De férias, o ex-secretário de Segurança Pública do Distrito Federal Anderson Torres não estava no país quando Brasília foi tomada por uma horda de bolsonaristas que depredou as sedes dos três poderes, na região central da cidade, mas diz ter deixado pronto um plano de isolamento completo da Esplanada dos Ministérios, avalizado pelas polícias Civil, Militar e Rodoviária Federal e pela Agência Brasileira de Inteligência (Abin), para garantir a segurança da capital contra os movimentos que desde o final do segundo turno protestavam em frente a quartéis generais. Não adiantou. Foi demitido sumariamente pelo governador Ibaneis Rocha (MDB) e é alvo de um pedido de prisão feito pela Advocacia-Geral da União. “Não havia perspectiva de invasão”, defende-se.
Bolsonarista convicto e ex-ministro da Justiça do governo que se encerrou em dezembro, Torres compara o planejamento das autoridades de segurança para as manifestações de domingo ao projeto de contingência do governo do DF no feriado de 7 de Setembro, quando as instituições temiam que Jair Bolsonaro utilizasse seu capital político para insuflar atos de violência. Há dias as forças de segurança monitoravam grupos de apoiadores do ex-presidente, mas Torres diz que, vendo em retrospectiva, o diagnóstico é outro: “Havia um grupo de terroristas muito bem preparado”.
A seguir os principais trechos da entrevista de Anderson Torres a VEJA:
O que ocorreu em Brasília foi comparável à invasão do Capitólio nos Estados Unidos? Não admito que questionem minha lisura. Estou com minha família em Orlando, com férias programadas. Vim para os Estados Unidos para realizar o sonho das minhas crianças e estou vivendo um inferno. Estou muito triste, muito abalado.

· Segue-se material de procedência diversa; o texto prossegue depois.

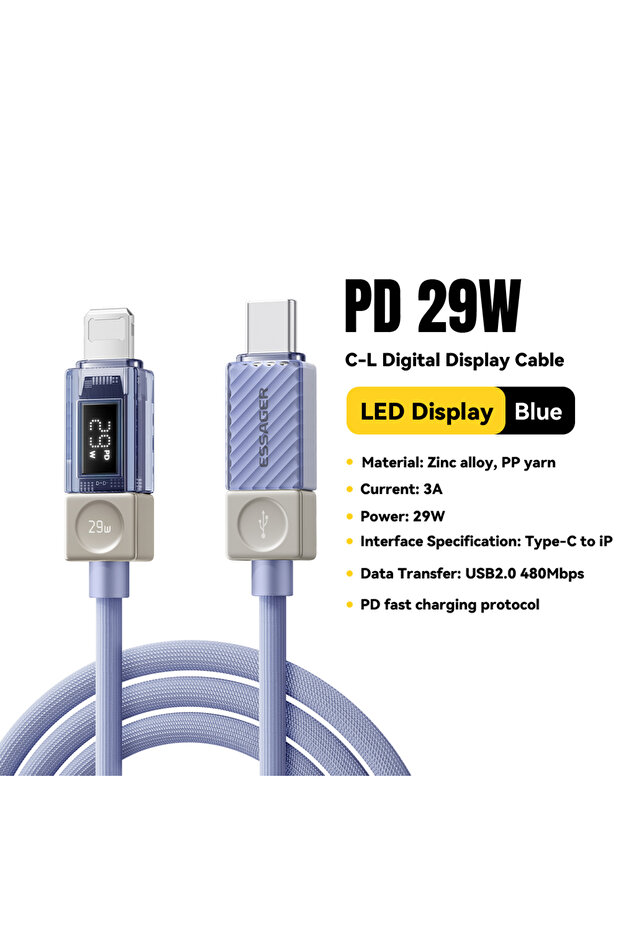 كابل ESSAGER USB-C أزرق بطول 1 متر وقدرة 29 واط لهواتف آيفون 14 و13 و12 برو ماكس وXR و8، شحن سريع PD لأجهزة آبل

O senhor fez um planejamento, mas os protestos descambaram para violência e depredação. Não conseguiram detectar o risco de invasões? Não havia perspectiva de invasão do Palácio do Planalto. Enquanto secretário de Segurança, meu papel foi aprovar um planejamento no Centro Integrado de Operações de Brasília e do qual participaram Polícia Militar, Polícia Civil, Bombeiros, Detran, a Polícia Rodoviária Federal, o DER (Departamento de Estradas e Rodagem) e a Abin (Agência Brasileira de Inteligência). Juntaram-se todos e fizeram um planejamento para o dia desta manifestação. Eu perguntei se era satisfatório e eles disseram que era um planejamento feito mais ou menos nos moldes do 7 de Setembro.
Ele previa o quê? Esse planejamento proibia o acesso de carros na Esplanada e de pessoas à Praça dos Três Poderes, além de desviar caminhões para a Granja do Torto. Este planejamento dizia o que cada órgão tinha de fazer, dando autonomia para cada instituição definir a melhor estratégia. Eu olhei o planejamento e disse: “Realmente, não vão entrar pessoas na Praça dos Três Poderes’. Se eu aprovei um planejamento que proibia entrar pessoas na Praça dos Três Poderes, como é que eu ia dizer que ia ter invasão de prédios públicos?
Houve corpo mole da Polícia Militar, tida como bolsonarista? Eu não sei se é corpo mole. Eu fui surpreendido pelo telefone. Cada órgão era responsável por definir quantos policiais seriam necessários para cumprir o planejamento de segurança. A PM faz isso toda semana. Não é uma coisa inédita para eles.
Se os principais órgãos de segurança e instituições sabiam previamente da manifestação, por que houve atos de vandalismo? Sabíamos que haveria a manifestação e foi feito o planejamento. É uma operação complexa. Não tem como dizer: “A culpa é de fulano”. Como secretário de Segurança, não fiz nada de errado. O planejamento operacional que eu concordei proibia todos esses acessos.
O fato de vários manifestantes portarem máscaras contra gás indica que os atos de depredação foram premeditados? Dessa vez os caras realmente sabiam o que eles queriam. Tinham máscaras, estilingues. Havia um grupo de terroristas ali muito bem preparado. É uma loucura.
Como reagiu ao pedido da Advocacia-Geral da União para sua prisão? Fiquei extremamente chateado. Prisão por quê? O que é que eu fiz? Nem em Brasília eu estava. Quem estava no comando da operação era o secretário-adjunto. Estou a 8.000 quilômetros de distância, vou ser preso por isso? Eu tenho culpa nisso?